Afghan war gives Remembrance Day new context

First published:
Nov. 7, 2001

As residents from across Northumberland County gather at the various cenotaphs to pay their respects on Remembrance Day, it will be done under a unique set of circumstances. Unlike recent years, this one will take place with the dark cloud of war sitting on the horizon.

As silence falls at the eleventh minute of the eleventh hour on the eleventh day of the eleventh month – the exact moment the armistice came into effect to end World War I – the joint forces of the United States and Britain will continue their war against terrorism in Afghanistan with the full support of Canada.

But World War I was supposed to be the war to end all wars. It was the Great War, in which mankind learned its lessons. That is why we have marked this day since November 1919.

Since that time, Canadians have found themselves on the frontlines as military servicemen and women have fought in a number of major wars. In the First World War, 628,736 Canadians served.  Of those, 66,573 died and 138,166 were wounded. There were 2,818 people who were taken as prisoners of war and 175 merchant seamen died by enemy action.

In World War II 1,031,902 Canadian men and 49,963 Canadian women served. Of those, 44,927 died and 43,145 were wounded. There were 8,271 taken as prisoners of war and 1,146 merchant seamen died by enemy action.

In Korea 26,791 Canadians served, of which 516 died and 1,558 were wounded. There were 33 prisoners of war. And finally, in the Gulf War 3,837 Canadian men and 237 Canadian women served. Thankfully, there were no Canadian casualties or prisoners.

None of those figures include the Canadians who signed up with the American Armed Forces during the Vietnam War. Nor does it recognize those 125,000 people who served in peacekeeping missions, let alone those who are killed in the line of duty during peace times.

This Remembrance Day falls on a Sunday. Many people may find themselves at church or in some other kind of weekend activity. School children, who normally attend this event as part of class, will not be participating in the usual way. So it will be important for people to make a special effort to honour the event. Parents should bring children to the ceremonies. Those who do not have family or friends who are directly involved should also attend. Here is why.

This day is set aside for all Canadian to remember those people who made the ultimate sacrifice in order to assure us of our freedom and liberty. This happens each year. This Sunday will be different because we will also remember those who died in the terrorist bombings in New York and Washington on Sept. 11 in the World Trade Centre and Pentagon.

In thinking about these innocent victims, we are reminded that our world has drastically changed. We no longer live in a safe haven in North America, far from the unsettling threats of violence elsewhere in the world. We realize our vulnerability to terrorism. The simple act of opening an envelope has many people on edge. We hear a plane fly over and a pit forms in our stomach. We watch our American neighbours to the south as they face regular alerts warning of possible further terrorist attacks. We wonder if Canada will be next.

Remembrance Day is a means of demonstrating our respect for those that fought and died in war. It is a time to reflect on the privileges we enjoy because someone gave their life to protect ours.

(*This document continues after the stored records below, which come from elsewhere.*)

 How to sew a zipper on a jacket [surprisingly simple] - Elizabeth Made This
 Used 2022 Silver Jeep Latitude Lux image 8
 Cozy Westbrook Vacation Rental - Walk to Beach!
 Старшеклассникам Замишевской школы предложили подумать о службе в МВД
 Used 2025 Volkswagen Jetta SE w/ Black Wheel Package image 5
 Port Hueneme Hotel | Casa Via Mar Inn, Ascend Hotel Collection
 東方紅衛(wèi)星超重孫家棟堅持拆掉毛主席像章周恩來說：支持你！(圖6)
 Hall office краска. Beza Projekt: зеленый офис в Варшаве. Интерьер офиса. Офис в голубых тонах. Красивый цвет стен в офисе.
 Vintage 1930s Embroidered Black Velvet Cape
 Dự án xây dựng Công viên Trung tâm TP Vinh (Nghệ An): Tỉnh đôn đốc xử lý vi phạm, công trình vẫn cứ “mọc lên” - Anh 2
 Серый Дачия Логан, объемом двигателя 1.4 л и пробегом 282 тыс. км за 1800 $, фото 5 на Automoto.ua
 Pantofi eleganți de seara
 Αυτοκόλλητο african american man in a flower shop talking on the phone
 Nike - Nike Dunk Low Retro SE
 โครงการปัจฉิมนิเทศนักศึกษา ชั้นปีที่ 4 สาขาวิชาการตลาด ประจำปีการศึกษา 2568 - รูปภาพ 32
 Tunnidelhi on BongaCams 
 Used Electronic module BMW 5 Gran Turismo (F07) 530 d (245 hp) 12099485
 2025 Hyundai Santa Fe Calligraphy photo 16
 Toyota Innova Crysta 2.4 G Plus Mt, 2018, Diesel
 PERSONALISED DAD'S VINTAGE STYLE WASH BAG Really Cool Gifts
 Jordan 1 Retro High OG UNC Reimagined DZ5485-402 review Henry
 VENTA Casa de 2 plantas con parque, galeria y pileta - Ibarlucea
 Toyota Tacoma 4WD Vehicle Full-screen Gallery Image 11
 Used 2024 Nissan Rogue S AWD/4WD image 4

It is also a time to contemplate the horrors of war. We must take a moment to picture what took place at Vimy Ridge, Passchendaele, Normandy, Chail-li, among other battles involving Canadians. The loss of life is difficult to imagine for those who were not present.  Inside this solemn moment of thought we should wish never to repeat the past. At least that is the ideal.

We find ourselves far from our objective. Canadian naval officers set sail last month enroute to the Middle East to assist in the war on terrorism. So far, there has not been any loss of life. But certainly these brave men and women are in harm’s way. Soon they will be joined by an air force contingent.

We might also take a moment to think of the families left behind by our soldiers. These men, women and children bear a special burden during these tense times.

We cannot forget the faces of Afghan children who have suffered during the recent bombings over the past five weeks. We must also see in our mind’s eye, the terrified men and women who have fled the country to seek shelter in squalid refugee camps as they wait to see how fate plays out.

The suffering is immense.

All these images – warriors, battles, innocent victims, the dead, family and friends – become the pieces of a quilt sitting on our experience. We should think about the pattern and remember the lessons learned. Lest we forget.